How the Component Service communicates securely with Squiz Content Management Service

The Component Service communicates with Squiz Content Management Service through the Content API service. The Content API offers a read-only interface (the "R" in the CRUD data operations of an API) into a Squiz Content Management Service instance’s asset tree.

Information flow

The basic information flow is summarised in the following broad steps:

  1. Content input by the content editors is called by the Component Service through the Content API.

  2. The Component Service evaluates the content in the request.

  3. For content like link and image references that must be resolved:

    1. Asset ID references are loaded through the Content API.

    2. The references are then resolved to JSON data.

    3. The JSON data is made available in the code to render the content in the Components on your site.

  4. For content that does not need to be resolved (for example, plain text), the content is passed through to the Component in JSON format with resolved content.

This information allows the rich asset-based data stored in Squiz Content Management Service to be reused in a standardized exchange format between Component Service instances. For example, a developer might request an image record with URLs, multiple variations, captions and alt text, and use a handlebars template to render their particular format of HTML for the component.

What access control measures can I use?

You can control how the Component Service accesses Squiz Content Management Service using these methods:

Access configuration examples

The Content API token is designed to give you the correct amount of access to the sites for which you want to resolve content. You can either use an existing user, for example the Public User, or you can create a specific user and grant it the relevant permissions.
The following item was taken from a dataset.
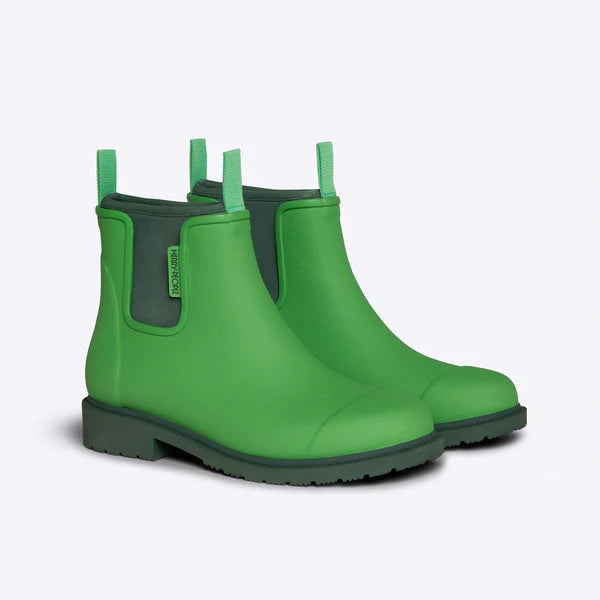 Merry People Bobbi Grasshopper Green Ankle Wellington Boot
For sites using that API identifier, editors will now be able to reference assets from either site - and cross-link pages, images, and other assets between those sites, but will not be able to reference content elsewhere in your system.
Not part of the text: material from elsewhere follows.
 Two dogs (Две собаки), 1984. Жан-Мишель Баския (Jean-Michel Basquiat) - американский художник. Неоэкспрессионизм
To grant common read access to pages and images from two sites on the one Squiz Content Management Service instance:

  1. Set up a single user with a meaningful name, such as Content API User - Site A and B.

  2. Grant the user the appropriate permissions to both sites.
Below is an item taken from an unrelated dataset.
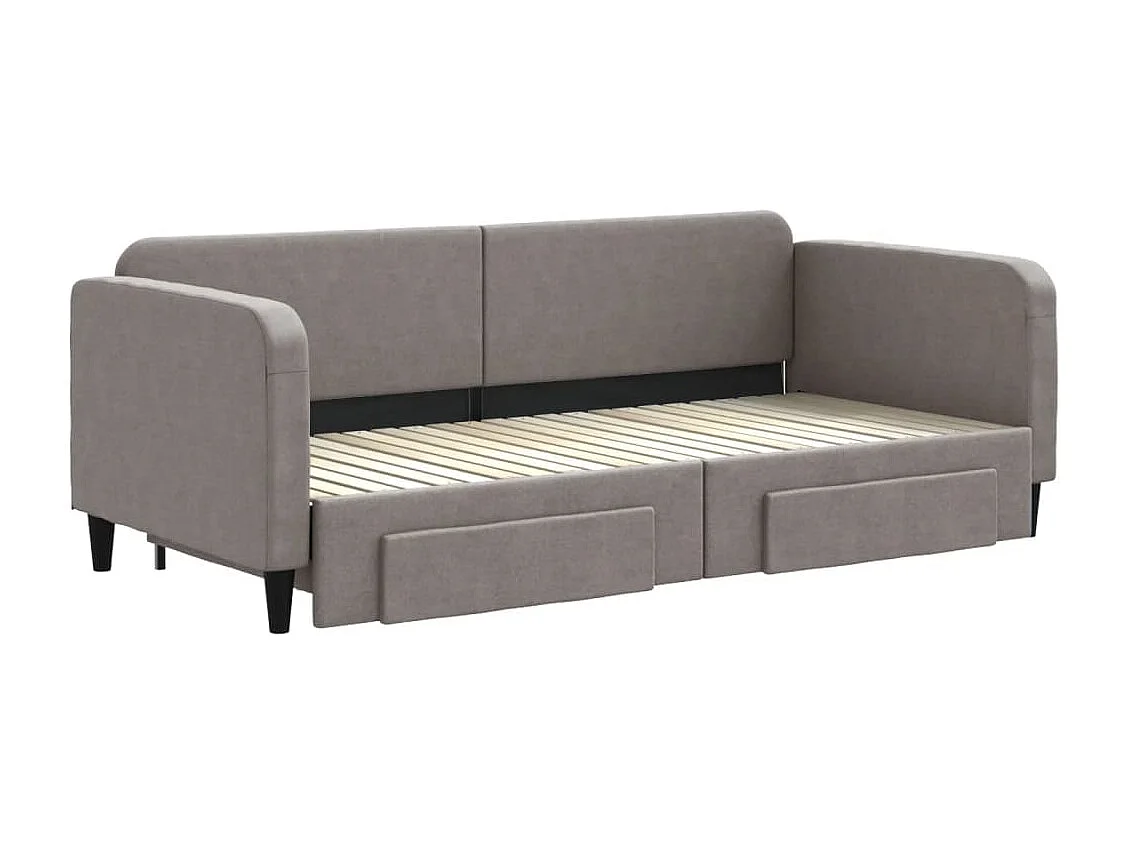 Cama de día con nido y cajones sin colchón color topo 90x200cm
  3. Configure the root node settings on the Content API token screen to limit its access to the relevant parts of those sites.

To grant read access to pages and images from separate sites on the same Squiz Content Management Service instance:

  1. Set up a single user named Content API User - SiteA.

  2. Set up another user named Content API User - SiteB.

  3. Add the users to any groups so they inherit the correct permissions schemes.

  4. Create two Content API tokens that are scoped to each site.

  5. Configure the root node and user access permissons for each token.